• TASK DESCRIPTION:
Your answer must be an exact copy of the records below, minus the pictures.

=======

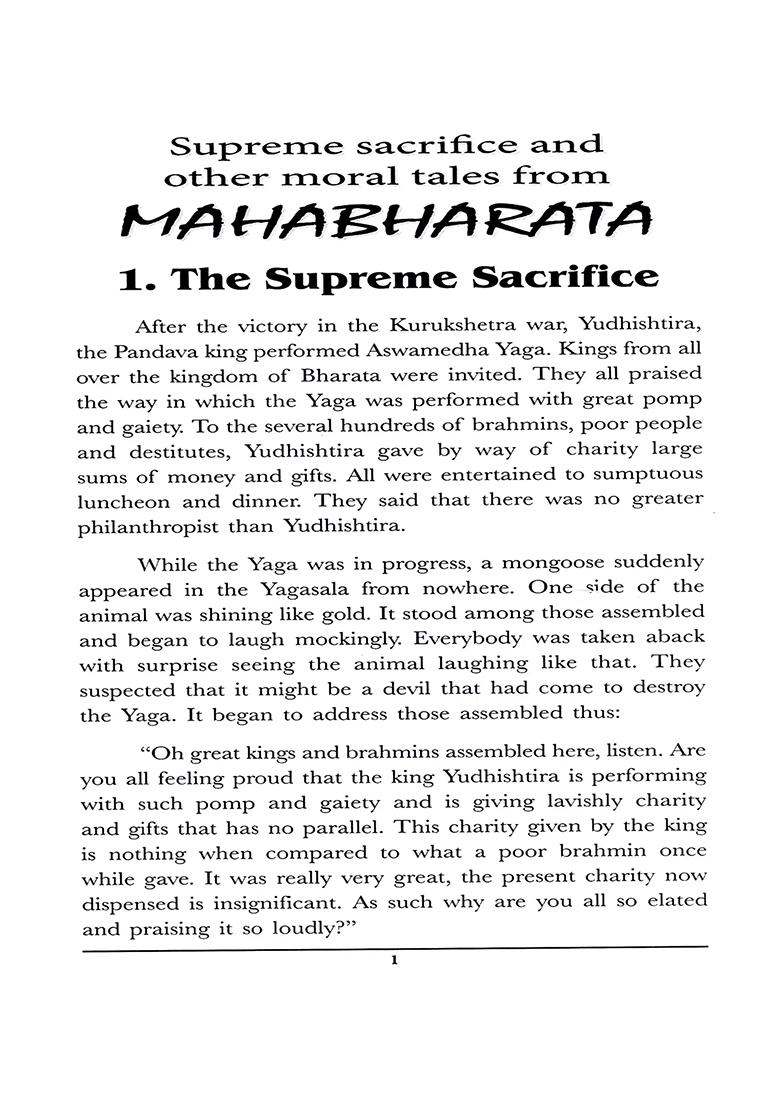 Supreme Sacrifice And Other Moral Tales From Mahabharatha - Indya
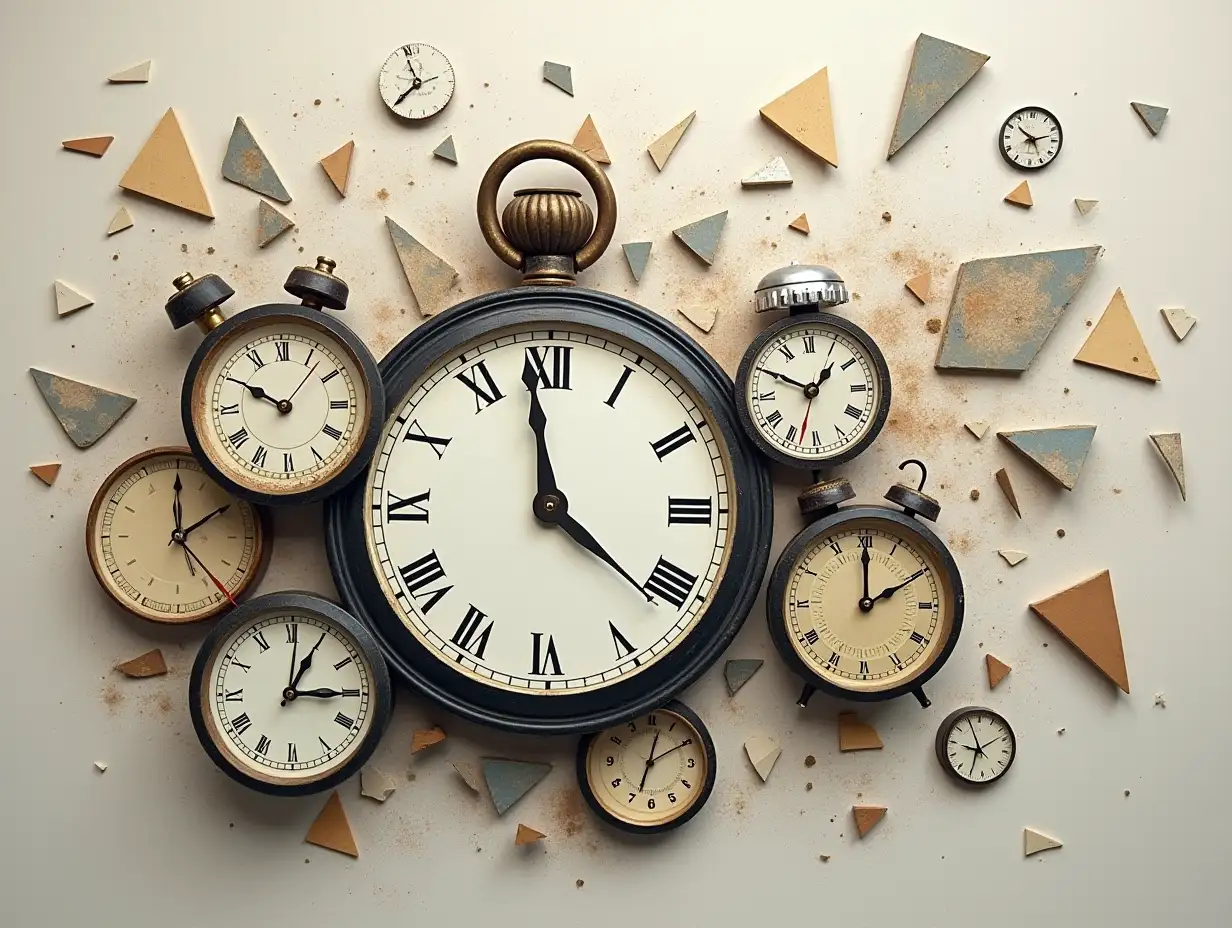 Artistic-Composition-of-Broken-and-Fragmented-Clock-Pieces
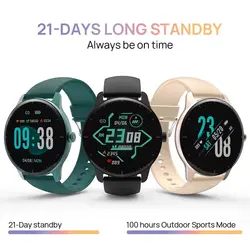 خرید ساعت هوشمند دوجی DOOGEE CR1 Smart watch IP68 Waterproof Bluetooth 5.0 Sleep Monitor Fitness Heart Rate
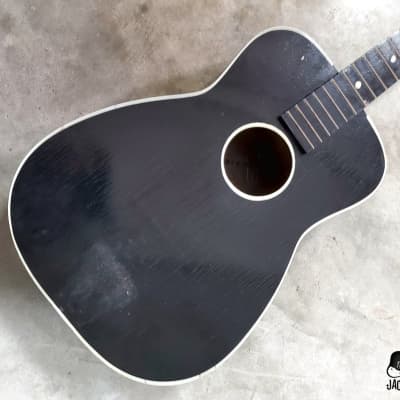 Luthier Special: Harmony / Kay / Truetone Guitar Husk Project (1950s, Black) image 20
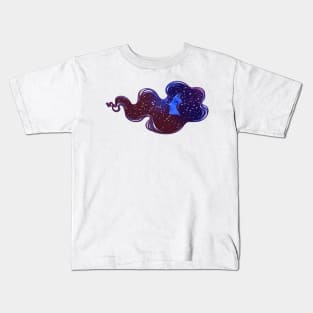 Galaxy Girl - Long Hair Kids T-Shirt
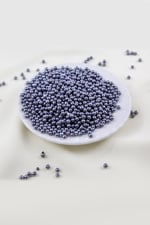 4 mm Gri Cam İnci Boncuk Aksesuar Takı Malzemesi (30 Gr 330 Adet)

=======

• RESULT BELOW:
 Supreme Sacrifice And Other Moral Tales From Mahabharatha - Indya
 Artistic-Composition-of-Broken-and-Fragmented-Clock-Pieces
 خرید ساعت هوشمند دوجی DOOGEE CR1 Smart watch IP68 Waterproof Bluetooth 5.0 Sleep Monitor Fitness Heart Rate
 Luthier Special: Harmony / Kay / Truetone Guitar Husk Project (1950s, Black) image 20
 Galaxy Girl - Long Hair Kids T-Shirt
 4 mm Gri Cam İnci Boncuk Aksesuar Takı Malzemesi (30 Gr 330 Adet)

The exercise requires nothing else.